The laser compression experiments were performed at the Matter at Extreme Conditions (MEC) end station at the Linear Coherent Light Source (LCLS) and the Spring-8 Angstrom Compact free electron LAser facility (SACLA). The experiment at LCLS was designed to investigate the high-pressure chemistry at planetary interiors, demixing, and possible phase transitions like ND nucleation, while the SACLA experiment was aimed at investigating diamond stability after the breakout at those conditions. At LCLS, this was done by compressing front-side coated (Al) PET targets of 100 \(\upmu \hbox {m}\) thickness. The elemental composition of \({\hbox {(C)}_{\text {x}}}\):\({({\hbox {H}_{2}}\text {O})_{\text {y}}}\) allows carbon phase separation with leftover water stoichiometry. The targets were compressed with 14–62 J laser pulses delivered over 8 ns on a spot size of 300 \(\upmu \hbox {m}\) in diameter. Additional double shock experiments were performed with a 1 : 4 pulse shape with a 7 ns initial shock and 5 ns second shock with pulse energies from 38 to 63 J. At SACLA, the experiment was performed with uncoated PET of 75 \(\upmu \hbox {m}\) thickness to see if a simplification of targets is possible. Such a target design would also suppress any unwanted contaminations introduced by aluminum. The laser pulse duration was 5 ns on a spot size of 170 \(\upmu \hbox {m}\).

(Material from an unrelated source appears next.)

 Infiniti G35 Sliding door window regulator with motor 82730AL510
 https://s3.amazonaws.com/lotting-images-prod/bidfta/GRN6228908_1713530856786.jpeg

The state along the principal Hugoniot was determined via the transit time method49,50. Here the shock velocity \(u_s\) is determined by the VISAR breakout timing and the target thickness. In the regime of interest, the relationship between shock and particle velocity can be well approximated by a linear function \(u_s=c_0 + \alpha u_p\) compare (Fig. 5b). We used an experimentally benchmarked EOS from DFT/MD simulations27 to estimate temperature conditions in the sample, from the measured shock speeds. The measured quantity was the shock speed, which can be translated to pressure and temperature conditions. The uncertainties in temperature represent upper estimates for how accurately we could determine transit times from VISAR in combination with the error bars from the Hugoniot.

Simultaneously XRD measurements were taken at an energy of 9.5 keV at 50 fs pulse duration with an ePix area detector51 with \(2064\times 1548\) pixels and a pixel size of \(50\times 50\) \({\upmu }\hbox {m}\) at LCLS and 10 keV with a flat-panel detector at SACLA. The diffraction data was azimuthally integrated using DIOPTAS52.

We performed Le Bail fits of the lineouts to determine the exact peak positions, and thus, lattice constants of the diamond. The fit results for the thermal expansion coefficient of diamond presented in Ref.37 have been extrapolated and inverted to relate the peak shape to a temperature. The error bars of the Le Bail fits were very small in comparison, and the analysis was dominated by the fluctuations in the laser energy. Therefore, no clear relation between the time after the breakout and the temperature of the diamond could be inferred.

Additional experiments with the goal of recovering NDs from shock-compressed plastics were carried out at the Laboratoire pour l’utilisation des lasers intenses (LULI) using a Shimadzu HPVX2—ultra-high speed camera HPV-X2 (Shimadzu Corp., Japan). The ultra-high speed camera setup in transversal geometry enabled a comparison of the ejecta velocity from the shock breakout, and the Hugoniot shock state determined via VISAR. The velocity was measured via the inter-frame time and the position of the shock release front. The front point was determined as the pixel value of the release front point at the maximum distance to the target. This velocity can give a first estimate for possible catcher materials. Only the materials in which the NDs remain intact after impact at these high velocities are useful for recovery.